DENVER — A Christian-run health system in Colorado has fired a veteran doctor who went to court to fight for the right of her patient to use the state's medical aid-in-dying law, citing religious doctrine that describes "assisted suicide" as "intrinsically evil."
Centura Health Corp. this week abruptly terminated Dr. Barbara Morris, 65, a geriatrician with 40 years of experience, who had planned to help her patient, Cornelius "Neil" Mahoney, 64, end his life at his home. Mahoney, who has terminal cancer, is eligible to use the state's law, overwhelmingly approved by Colorado voters in 2016.
The growing number of state aid-in-dying provisions are increasingly coming into conflict with the precepts of faith-based hospitals, which oppose the practice on religious grounds.

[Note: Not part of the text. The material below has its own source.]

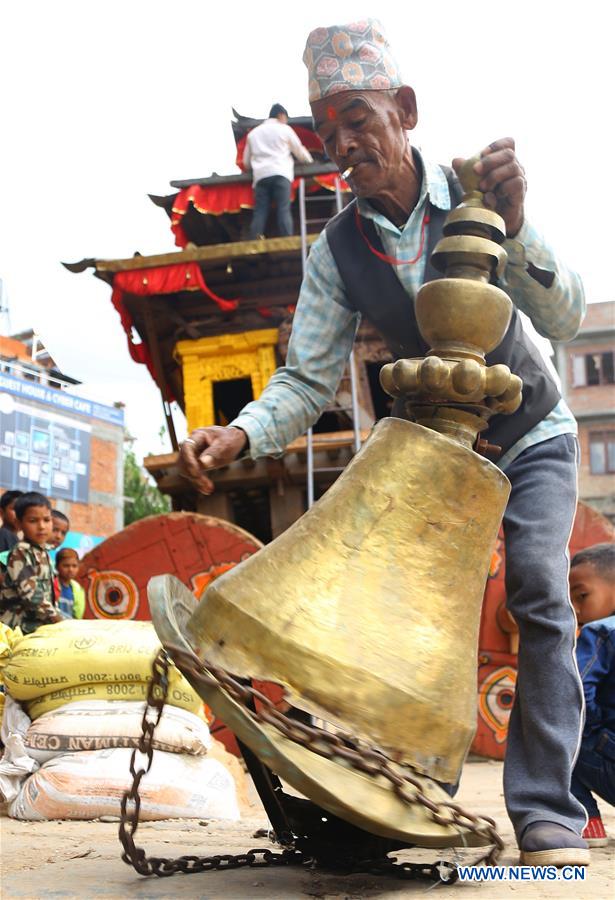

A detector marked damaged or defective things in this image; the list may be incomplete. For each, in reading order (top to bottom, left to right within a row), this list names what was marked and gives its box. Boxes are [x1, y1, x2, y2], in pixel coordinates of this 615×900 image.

rusty iron chain [119, 648, 500, 880]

Morris' dismissal presents an early test of state laws. The Trump administration has moved to broaden the latitude of providers to refuse to participate in medical interventions they object to on religious grounds, though that has previously applied primarily to abortion and contraception.
As hospitals across the country have consolidated, five of the top 10 hospital systems by net patient revenue are associated with the Roman Catholic Church, according to Definitive Health. That includes hospitals that did not previously have any religious affiliation. Meanwhile, there are 10 U.S. jurisdictions where aid-in-dying has been approved and public support for the option is increasing.
The Aug. 26 firing came days after Morris joined with Mahoney in filing a state lawsuit that alleges that Centura's faith-based policy violates the law that allows doctors to prescribe lethal drugs to dying patients who want to end their own lives.
Officials at Centura, a system jointly run by Catholic and Seventh-day Adventist churches, told Morris on Monday that she had defied church doctrines that govern her employment.
"I was shellshocked," Morris said in an exclusive interview with Kaiser Health News. "Because of all the things I expected them to do, that was not in the playbook. Because it seemed so obvious that they can't do it."
But in legal documents filed Friday that ask to elevate the case to federal court and invoke the First Amendment in defense of their actions, Centura officials said Morris had violated terms of her physician's employment agreement and "encouraged an option that she knew was morally unacceptable to her employer."